• _Assigned task_:
Pull every line with "Oval" from the entries below.
START Material supplied
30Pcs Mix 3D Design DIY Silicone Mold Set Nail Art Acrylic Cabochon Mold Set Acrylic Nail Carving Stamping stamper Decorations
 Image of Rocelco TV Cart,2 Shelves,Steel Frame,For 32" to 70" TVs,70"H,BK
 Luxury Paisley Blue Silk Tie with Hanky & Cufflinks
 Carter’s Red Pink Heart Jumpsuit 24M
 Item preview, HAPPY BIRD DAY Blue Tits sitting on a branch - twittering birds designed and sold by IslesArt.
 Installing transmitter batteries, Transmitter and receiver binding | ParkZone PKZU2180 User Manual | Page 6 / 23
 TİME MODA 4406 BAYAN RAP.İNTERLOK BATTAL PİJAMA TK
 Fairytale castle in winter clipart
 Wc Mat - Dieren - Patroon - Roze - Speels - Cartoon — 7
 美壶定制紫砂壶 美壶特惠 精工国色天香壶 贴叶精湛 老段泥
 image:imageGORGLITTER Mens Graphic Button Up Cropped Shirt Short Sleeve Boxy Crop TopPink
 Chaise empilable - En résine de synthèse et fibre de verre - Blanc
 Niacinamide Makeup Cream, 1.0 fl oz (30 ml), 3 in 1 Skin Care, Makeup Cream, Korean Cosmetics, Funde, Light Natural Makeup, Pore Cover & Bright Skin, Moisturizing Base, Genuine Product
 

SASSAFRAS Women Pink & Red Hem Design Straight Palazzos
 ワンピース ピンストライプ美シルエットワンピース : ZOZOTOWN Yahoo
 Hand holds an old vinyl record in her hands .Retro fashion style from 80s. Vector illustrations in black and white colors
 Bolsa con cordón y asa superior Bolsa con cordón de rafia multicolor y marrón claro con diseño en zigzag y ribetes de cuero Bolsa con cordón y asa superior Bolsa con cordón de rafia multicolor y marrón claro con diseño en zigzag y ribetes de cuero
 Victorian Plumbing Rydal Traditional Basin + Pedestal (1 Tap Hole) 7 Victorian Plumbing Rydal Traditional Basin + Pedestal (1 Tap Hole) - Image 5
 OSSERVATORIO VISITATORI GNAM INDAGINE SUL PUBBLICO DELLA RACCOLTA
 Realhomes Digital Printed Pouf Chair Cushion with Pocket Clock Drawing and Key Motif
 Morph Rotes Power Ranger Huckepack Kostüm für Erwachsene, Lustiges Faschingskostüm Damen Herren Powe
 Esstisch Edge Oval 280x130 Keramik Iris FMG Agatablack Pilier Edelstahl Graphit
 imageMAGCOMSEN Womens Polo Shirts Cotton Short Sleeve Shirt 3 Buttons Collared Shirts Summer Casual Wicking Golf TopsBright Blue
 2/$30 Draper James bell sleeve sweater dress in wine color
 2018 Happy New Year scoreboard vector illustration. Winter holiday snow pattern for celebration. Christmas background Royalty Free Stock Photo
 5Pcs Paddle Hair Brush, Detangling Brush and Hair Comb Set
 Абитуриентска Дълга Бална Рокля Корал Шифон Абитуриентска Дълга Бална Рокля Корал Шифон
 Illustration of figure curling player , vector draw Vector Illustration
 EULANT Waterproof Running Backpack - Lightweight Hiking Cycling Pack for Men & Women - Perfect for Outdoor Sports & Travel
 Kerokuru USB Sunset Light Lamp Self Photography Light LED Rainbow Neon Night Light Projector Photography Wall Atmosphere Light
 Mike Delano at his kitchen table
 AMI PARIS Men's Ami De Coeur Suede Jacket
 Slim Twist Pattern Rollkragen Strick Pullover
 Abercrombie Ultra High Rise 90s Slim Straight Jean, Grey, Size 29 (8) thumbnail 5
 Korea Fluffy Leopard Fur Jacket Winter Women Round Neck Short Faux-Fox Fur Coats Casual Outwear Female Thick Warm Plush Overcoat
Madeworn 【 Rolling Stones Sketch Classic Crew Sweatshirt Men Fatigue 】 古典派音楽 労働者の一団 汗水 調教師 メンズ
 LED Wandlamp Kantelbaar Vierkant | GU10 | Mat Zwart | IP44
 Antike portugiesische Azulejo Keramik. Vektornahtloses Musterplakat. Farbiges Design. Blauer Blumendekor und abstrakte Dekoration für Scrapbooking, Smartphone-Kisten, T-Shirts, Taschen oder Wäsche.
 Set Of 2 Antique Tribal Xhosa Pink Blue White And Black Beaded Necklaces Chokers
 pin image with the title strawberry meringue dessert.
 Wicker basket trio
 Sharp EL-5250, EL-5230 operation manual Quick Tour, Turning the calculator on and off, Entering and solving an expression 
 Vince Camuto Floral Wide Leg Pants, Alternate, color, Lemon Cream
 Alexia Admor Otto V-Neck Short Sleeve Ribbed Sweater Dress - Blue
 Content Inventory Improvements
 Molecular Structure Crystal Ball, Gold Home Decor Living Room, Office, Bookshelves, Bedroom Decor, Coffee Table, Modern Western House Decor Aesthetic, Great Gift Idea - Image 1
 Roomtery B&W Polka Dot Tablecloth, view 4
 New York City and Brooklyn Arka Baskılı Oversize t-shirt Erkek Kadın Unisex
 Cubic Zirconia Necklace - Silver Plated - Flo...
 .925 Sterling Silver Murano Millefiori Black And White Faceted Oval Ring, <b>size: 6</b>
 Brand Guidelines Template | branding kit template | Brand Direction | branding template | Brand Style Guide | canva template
END Material supplied
• _Completed task_:
 Esstisch Edge Oval 280x130 Keramik Iris FMG Agatablack Pilier Edelstahl Graphit
 .925 Sterling Silver Murano Millefiori Black And White Faceted Oval Ring, <b>size: 6</b>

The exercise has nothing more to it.